» REQUIREMENT
Give back an exact copy of the lines in the records below, from the line that has "D21_LTE_FHD_02_240119 D21_LTE_FHD_02_240119" through the line that has "Som2PlazasPremium-wpp1732035755146", and nothing besides.

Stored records
%%

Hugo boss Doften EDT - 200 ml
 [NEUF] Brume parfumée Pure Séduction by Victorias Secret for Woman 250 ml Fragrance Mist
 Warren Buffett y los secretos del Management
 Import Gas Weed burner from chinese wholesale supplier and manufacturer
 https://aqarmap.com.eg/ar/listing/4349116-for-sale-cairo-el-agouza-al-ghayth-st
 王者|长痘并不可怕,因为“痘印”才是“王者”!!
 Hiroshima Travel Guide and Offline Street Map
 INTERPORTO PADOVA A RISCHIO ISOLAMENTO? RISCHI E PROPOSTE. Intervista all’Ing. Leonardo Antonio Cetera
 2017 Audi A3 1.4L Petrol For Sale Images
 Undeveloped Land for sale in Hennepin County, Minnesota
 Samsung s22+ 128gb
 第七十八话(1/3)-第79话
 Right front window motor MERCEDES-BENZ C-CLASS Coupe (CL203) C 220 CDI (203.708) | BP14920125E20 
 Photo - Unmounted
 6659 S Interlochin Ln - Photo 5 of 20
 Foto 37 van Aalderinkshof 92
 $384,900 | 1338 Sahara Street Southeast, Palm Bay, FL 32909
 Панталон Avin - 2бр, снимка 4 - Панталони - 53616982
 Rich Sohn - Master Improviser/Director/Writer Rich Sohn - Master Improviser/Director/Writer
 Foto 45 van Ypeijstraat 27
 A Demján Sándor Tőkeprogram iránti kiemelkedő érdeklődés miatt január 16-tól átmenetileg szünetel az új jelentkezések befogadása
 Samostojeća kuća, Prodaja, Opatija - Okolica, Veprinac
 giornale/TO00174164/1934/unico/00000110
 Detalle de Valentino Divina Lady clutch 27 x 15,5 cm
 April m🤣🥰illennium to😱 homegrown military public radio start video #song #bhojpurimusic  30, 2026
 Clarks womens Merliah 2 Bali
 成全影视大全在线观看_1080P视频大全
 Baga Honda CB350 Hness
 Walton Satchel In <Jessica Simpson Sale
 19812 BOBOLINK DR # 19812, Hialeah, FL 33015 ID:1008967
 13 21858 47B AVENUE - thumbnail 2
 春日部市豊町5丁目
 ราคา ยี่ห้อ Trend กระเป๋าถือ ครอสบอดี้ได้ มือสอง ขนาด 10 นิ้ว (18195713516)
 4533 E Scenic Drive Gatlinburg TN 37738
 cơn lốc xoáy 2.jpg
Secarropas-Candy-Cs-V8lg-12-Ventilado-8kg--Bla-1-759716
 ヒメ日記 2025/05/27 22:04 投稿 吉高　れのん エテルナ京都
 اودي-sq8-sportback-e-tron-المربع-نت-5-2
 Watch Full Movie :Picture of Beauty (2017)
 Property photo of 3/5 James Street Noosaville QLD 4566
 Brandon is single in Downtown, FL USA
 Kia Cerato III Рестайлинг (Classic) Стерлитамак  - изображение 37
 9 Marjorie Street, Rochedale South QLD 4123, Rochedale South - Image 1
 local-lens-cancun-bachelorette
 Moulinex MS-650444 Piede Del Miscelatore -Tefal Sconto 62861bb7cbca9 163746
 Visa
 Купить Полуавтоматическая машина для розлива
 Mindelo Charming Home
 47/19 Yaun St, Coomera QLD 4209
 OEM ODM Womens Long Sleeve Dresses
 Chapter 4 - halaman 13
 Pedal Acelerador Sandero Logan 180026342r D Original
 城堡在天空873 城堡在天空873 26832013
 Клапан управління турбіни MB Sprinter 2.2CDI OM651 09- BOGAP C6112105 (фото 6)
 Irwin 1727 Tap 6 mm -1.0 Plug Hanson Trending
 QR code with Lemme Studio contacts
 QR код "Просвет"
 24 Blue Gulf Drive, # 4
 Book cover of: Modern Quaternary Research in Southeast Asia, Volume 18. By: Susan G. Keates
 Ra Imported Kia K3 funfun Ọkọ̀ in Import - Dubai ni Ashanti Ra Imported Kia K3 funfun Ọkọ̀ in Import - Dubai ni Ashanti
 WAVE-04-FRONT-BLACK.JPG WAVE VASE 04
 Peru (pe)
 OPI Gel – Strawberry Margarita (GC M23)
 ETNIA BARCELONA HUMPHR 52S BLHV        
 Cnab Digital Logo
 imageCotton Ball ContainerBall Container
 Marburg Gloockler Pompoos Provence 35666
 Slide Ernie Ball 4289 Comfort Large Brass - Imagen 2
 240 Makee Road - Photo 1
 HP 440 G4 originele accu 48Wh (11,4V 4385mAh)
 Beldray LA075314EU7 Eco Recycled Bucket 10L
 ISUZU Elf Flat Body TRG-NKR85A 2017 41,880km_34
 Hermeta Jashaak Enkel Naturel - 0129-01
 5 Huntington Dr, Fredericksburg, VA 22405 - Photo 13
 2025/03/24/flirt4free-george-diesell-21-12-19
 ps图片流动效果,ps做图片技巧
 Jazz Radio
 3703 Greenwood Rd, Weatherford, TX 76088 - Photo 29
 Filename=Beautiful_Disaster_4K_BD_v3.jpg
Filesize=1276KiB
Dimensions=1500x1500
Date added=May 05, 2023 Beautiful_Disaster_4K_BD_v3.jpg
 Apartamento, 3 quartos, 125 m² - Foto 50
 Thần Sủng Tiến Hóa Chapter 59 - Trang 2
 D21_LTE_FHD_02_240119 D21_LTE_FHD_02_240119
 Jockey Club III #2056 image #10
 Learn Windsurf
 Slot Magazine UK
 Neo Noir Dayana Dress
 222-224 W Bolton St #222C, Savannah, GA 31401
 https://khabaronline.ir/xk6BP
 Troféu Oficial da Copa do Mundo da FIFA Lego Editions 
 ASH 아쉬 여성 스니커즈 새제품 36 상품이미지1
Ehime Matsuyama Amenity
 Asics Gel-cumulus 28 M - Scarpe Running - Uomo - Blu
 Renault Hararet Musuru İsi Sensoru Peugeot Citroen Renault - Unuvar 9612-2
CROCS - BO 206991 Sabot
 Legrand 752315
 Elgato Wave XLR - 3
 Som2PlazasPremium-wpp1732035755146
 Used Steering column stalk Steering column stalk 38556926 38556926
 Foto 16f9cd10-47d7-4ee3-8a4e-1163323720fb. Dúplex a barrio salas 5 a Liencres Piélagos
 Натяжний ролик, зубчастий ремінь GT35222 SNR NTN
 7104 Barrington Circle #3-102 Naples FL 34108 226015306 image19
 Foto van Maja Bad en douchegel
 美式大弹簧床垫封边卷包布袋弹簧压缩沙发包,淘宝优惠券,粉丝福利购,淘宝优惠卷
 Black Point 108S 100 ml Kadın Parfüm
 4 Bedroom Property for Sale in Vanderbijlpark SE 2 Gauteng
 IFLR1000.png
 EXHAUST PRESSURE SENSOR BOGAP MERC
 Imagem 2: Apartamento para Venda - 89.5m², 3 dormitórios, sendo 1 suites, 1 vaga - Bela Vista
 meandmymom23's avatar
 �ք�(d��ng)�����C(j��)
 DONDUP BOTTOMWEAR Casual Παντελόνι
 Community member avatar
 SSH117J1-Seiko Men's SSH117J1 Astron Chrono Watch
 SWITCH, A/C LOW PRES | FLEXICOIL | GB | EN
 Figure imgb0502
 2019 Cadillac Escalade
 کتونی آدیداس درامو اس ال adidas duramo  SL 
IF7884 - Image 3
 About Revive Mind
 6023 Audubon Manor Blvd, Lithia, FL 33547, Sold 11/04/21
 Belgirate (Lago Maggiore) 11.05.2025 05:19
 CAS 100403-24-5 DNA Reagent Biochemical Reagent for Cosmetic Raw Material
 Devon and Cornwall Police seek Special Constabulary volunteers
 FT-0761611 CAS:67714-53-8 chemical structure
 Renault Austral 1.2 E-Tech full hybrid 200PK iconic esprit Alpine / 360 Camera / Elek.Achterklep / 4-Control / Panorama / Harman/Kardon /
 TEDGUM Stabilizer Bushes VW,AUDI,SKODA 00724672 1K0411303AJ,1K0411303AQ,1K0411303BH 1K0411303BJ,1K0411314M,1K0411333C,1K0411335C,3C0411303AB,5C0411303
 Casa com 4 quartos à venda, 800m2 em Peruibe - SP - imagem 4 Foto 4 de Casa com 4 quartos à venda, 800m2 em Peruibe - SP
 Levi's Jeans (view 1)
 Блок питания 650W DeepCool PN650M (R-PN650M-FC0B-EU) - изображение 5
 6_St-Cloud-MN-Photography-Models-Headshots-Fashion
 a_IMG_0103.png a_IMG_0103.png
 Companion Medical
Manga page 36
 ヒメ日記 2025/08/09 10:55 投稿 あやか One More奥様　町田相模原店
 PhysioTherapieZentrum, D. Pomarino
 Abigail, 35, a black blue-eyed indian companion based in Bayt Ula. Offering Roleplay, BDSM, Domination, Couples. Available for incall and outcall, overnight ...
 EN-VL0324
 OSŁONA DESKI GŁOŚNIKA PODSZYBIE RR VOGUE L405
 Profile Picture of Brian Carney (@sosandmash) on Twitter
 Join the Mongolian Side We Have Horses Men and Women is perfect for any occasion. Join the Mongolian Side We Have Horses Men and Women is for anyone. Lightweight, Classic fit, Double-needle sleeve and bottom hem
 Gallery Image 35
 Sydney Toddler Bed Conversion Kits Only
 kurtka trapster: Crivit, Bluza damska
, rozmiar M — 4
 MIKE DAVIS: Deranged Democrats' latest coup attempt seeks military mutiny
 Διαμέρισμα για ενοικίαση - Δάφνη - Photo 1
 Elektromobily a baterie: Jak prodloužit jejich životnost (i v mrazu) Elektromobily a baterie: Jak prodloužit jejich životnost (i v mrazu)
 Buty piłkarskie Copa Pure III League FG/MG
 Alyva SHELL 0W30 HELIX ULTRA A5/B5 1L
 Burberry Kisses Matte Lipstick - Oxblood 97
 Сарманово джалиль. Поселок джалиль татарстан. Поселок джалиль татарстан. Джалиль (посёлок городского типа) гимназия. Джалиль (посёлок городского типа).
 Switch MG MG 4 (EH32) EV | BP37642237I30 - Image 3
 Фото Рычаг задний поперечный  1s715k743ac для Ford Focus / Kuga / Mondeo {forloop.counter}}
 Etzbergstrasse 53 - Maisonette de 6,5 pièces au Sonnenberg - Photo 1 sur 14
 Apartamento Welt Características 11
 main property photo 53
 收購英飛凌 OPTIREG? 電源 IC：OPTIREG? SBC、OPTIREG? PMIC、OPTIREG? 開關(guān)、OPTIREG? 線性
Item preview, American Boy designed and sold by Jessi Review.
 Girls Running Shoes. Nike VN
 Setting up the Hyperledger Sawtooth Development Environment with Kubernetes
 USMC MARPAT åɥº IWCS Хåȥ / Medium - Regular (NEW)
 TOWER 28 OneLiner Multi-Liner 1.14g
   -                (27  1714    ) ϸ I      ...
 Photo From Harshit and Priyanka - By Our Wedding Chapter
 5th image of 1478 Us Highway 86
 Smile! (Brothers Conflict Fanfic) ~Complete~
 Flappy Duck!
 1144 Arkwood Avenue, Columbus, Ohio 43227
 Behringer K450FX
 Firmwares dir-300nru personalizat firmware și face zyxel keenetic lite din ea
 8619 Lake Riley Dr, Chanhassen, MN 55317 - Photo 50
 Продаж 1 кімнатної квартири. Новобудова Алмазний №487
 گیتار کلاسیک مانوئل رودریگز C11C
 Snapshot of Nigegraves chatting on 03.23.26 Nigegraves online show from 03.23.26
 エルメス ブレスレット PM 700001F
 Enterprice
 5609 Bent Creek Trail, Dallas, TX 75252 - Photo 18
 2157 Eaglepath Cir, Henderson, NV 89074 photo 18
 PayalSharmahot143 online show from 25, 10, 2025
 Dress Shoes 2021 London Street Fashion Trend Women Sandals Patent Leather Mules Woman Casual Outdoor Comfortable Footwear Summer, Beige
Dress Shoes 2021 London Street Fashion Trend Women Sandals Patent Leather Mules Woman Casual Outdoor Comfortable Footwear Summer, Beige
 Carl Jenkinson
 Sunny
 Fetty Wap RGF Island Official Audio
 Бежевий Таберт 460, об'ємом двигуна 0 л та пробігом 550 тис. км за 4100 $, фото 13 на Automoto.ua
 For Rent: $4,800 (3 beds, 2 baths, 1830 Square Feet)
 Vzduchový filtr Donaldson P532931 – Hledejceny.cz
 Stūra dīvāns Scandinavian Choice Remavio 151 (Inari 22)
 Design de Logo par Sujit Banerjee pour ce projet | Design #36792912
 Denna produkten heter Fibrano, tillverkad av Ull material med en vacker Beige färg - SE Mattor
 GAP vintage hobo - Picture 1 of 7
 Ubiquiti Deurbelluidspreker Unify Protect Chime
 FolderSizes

%%

» FINISHED TASK
 D21_LTE_FHD_02_240119 D21_LTE_FHD_02_240119
 Jockey Club III #2056 image #10
 Learn Windsurf
 Slot Magazine UK
 Neo Noir Dayana Dress
 222-224 W Bolton St #222C, Savannah, GA 31401
 https://khabaronline.ir/xk6BP
 Troféu Oficial da Copa do Mundo da FIFA Lego Editions 
 ASH 아쉬 여성 스니커즈 새제품 36 상품이미지1
Ehime Matsuyama Amenity
 Asics Gel-cumulus 28 M - Scarpe Running - Uomo - Blu
 Renault Hararet Musuru İsi Sensoru Peugeot Citroen Renault - Unuvar 9612-2
CROCS - BO 206991 Sabot
 Legrand 752315
 Elgato Wave XLR - 3
 Som2PlazasPremium-wpp1732035755146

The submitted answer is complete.